Like Reign, people around the world are leveraging the internet to fight back against anything from systemic racism to the tactics of oppressive regimes. And the benefits can be personal too — new parents needing advice on a stroller can turn to online parent message boards, home gardeners seeking lawn care tips can turn to DIY gardening blogs, and more.
This is possible because so many online forums enable speakers to communicate freely on their platforms. Wikipedia provides a free online encyclopedia in scores of languages, thanks to volunteers around the world. Yelp lets us give recommendations on anything from restaurants to nail salons. Consumer watchdog sites encourage the public to submit reports of corporate malfeasance. Environmental activists at sites like Frack Check WV ask citizens to submit horror stories about fracking in their communities. The Bed Bug Registry asks users to report bed bug infestations. And then, of course, there are Facebook and Twitter.
CDA 230 makes communication on these platforms possible by assuring online platforms that they generally won’t be liable for user-generated content. Yelp can’t be held legally responsible every time one of its users posts a potentially false negative review. The Bed Bug Registry doesn’t have to visit every hotel with a magnifying glass to confirm the public reports. And Facebook can offer a forum for billions of users to share their thoughts, pictures, memes, and videos freely without having to approve every post before it goes up.

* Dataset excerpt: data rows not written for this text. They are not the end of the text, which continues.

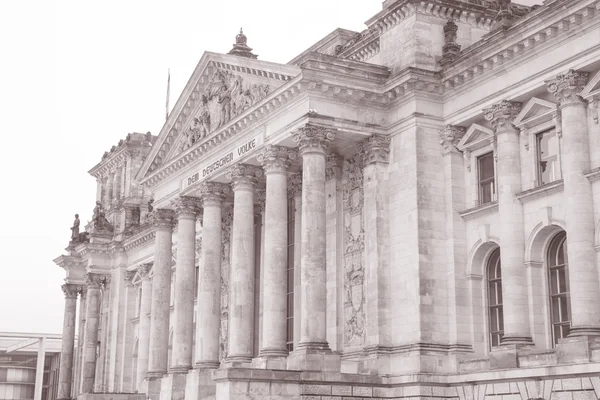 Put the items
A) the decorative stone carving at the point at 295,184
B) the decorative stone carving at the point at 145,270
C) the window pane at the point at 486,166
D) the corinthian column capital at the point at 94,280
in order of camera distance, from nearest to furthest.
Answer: the window pane at the point at 486,166 → the decorative stone carving at the point at 295,184 → the decorative stone carving at the point at 145,270 → the corinthian column capital at the point at 94,280

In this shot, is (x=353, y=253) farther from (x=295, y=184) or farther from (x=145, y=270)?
(x=145, y=270)

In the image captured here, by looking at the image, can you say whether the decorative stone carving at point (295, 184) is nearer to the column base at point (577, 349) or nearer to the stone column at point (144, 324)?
the stone column at point (144, 324)

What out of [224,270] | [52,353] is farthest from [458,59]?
[52,353]

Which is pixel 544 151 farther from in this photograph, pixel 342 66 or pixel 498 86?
pixel 342 66

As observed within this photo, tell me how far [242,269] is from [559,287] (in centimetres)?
1242

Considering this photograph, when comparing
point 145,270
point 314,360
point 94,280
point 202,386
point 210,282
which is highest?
point 145,270

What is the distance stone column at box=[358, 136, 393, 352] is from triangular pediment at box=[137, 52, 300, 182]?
13.3 ft

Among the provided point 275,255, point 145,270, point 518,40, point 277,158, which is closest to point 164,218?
point 277,158

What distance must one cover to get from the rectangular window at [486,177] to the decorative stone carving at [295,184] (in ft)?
28.9

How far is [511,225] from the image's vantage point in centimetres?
2848

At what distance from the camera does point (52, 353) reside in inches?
3255

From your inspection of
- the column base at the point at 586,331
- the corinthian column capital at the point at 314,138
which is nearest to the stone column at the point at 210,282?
the corinthian column capital at the point at 314,138

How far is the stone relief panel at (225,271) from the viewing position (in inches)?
1641

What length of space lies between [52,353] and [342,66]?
59.0 meters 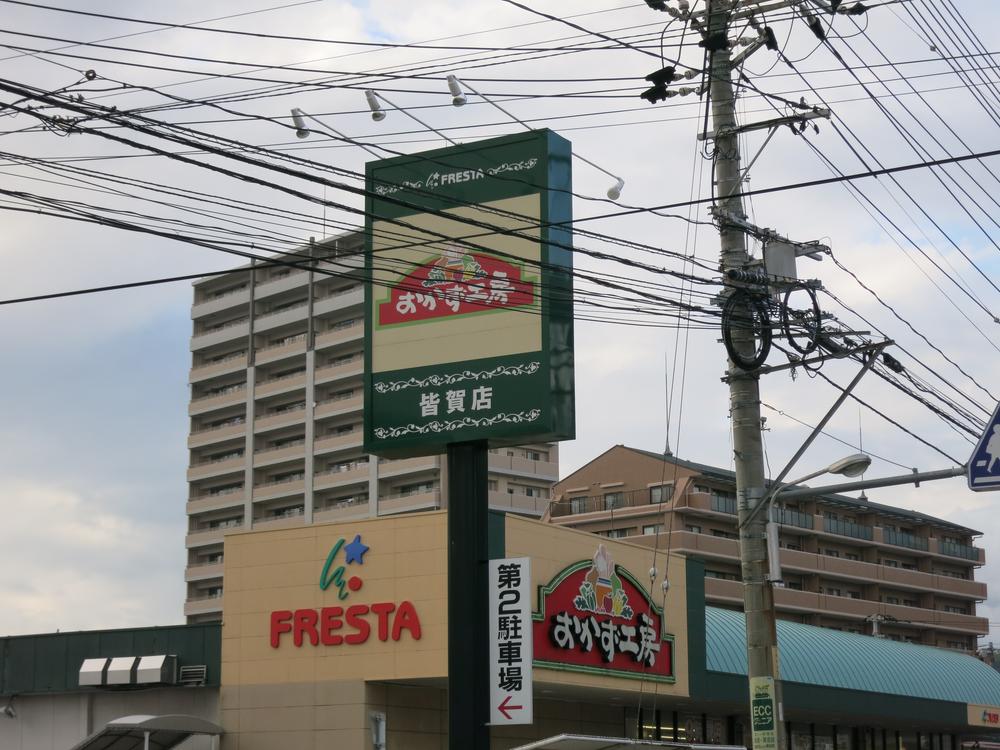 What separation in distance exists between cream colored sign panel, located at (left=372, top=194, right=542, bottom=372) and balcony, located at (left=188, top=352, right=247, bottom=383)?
89436 mm

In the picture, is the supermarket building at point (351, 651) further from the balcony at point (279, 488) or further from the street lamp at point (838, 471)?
the balcony at point (279, 488)

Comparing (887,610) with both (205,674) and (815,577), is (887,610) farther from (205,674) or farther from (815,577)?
(205,674)

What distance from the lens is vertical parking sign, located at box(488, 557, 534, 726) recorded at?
23891mm

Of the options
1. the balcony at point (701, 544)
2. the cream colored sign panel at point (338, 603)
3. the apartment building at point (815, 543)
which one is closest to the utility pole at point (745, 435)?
the cream colored sign panel at point (338, 603)

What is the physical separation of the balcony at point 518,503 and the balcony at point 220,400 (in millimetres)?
23434

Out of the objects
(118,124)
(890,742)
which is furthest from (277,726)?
(890,742)

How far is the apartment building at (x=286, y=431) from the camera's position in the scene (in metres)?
102

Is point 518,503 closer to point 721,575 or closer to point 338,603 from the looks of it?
point 721,575

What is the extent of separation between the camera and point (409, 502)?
99562 millimetres

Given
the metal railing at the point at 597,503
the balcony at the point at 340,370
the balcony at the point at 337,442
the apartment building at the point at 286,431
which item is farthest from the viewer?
the balcony at the point at 340,370

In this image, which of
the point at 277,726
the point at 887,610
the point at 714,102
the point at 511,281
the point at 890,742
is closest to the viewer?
the point at 714,102

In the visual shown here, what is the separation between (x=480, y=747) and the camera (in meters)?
23.9

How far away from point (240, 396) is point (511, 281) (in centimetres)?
9089

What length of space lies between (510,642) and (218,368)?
9407 centimetres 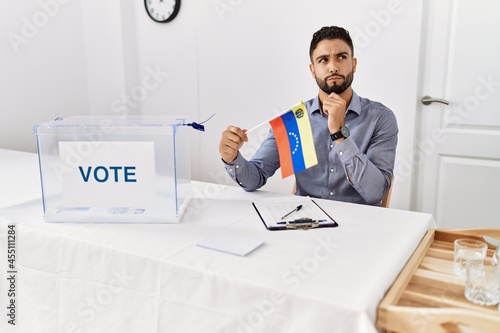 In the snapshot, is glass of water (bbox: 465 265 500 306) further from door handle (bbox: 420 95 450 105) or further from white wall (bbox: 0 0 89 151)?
white wall (bbox: 0 0 89 151)

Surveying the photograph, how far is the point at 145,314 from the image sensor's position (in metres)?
1.04

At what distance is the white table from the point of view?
879mm

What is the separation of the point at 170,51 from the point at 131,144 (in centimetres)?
218

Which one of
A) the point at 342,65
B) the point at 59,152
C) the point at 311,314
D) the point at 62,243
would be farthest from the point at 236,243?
the point at 342,65

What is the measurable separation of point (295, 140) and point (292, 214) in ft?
0.69

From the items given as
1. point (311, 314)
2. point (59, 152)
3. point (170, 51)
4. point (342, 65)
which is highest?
point (170, 51)

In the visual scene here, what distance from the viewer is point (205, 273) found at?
0.96 metres

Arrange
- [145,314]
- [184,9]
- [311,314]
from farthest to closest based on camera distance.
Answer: [184,9], [145,314], [311,314]

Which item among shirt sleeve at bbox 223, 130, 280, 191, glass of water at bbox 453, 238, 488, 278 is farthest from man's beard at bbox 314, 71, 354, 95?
glass of water at bbox 453, 238, 488, 278

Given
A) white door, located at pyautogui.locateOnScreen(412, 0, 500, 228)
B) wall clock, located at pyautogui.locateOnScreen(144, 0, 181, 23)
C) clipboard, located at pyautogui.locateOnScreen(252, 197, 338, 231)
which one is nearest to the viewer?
clipboard, located at pyautogui.locateOnScreen(252, 197, 338, 231)

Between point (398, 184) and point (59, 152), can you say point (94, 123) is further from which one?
point (398, 184)

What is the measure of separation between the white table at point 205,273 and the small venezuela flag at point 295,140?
0.16m

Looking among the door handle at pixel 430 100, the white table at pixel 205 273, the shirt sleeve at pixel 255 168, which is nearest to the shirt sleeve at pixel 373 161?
the white table at pixel 205 273

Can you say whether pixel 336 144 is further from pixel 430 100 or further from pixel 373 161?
pixel 430 100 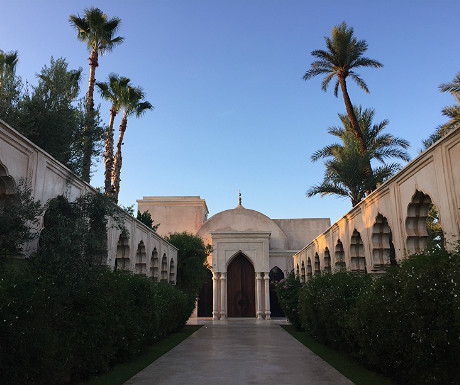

If it weren’t for CDA 230, no website owner would permit public posts knowing that the site could be investigated, shut down, sued, or charged with a felony over one user’s speech. Avoiding legal risk would require even the smallest blog to hire an army of lawyers to assess in real-time all content created and uploaded by users. It’s unaffordable. Instead, sites would avoid legal liability by simply refusing to host user-generated content at all.
Of course, users make mistakes. We get facts wrong. We can be terrible to one another in ways that break the law, offend, or hurt. Bad actors can — and do — abuse the internet for nefarious and destructive purposes. But there are already safeguards in place to address harmful content not protected under the First Amendment, and Section 230 does not shield bad actors or lawbreakers. If you use Facebook to harass someone (please, don’t do that), you remain responsible for those actions.
CDA 230 also doesn’t stop online platforms from trying to cultivate orderly, pleasant, and useful sites. While the biggest social media companies, responsible for hosting the speech of billions, should resist calls to censor lawful speech, CDA 230 allows sites to delete abusive accounts, remove content that violates the site’s terms of service, or refuse to carry pornography without risking liability for the speech that they do host.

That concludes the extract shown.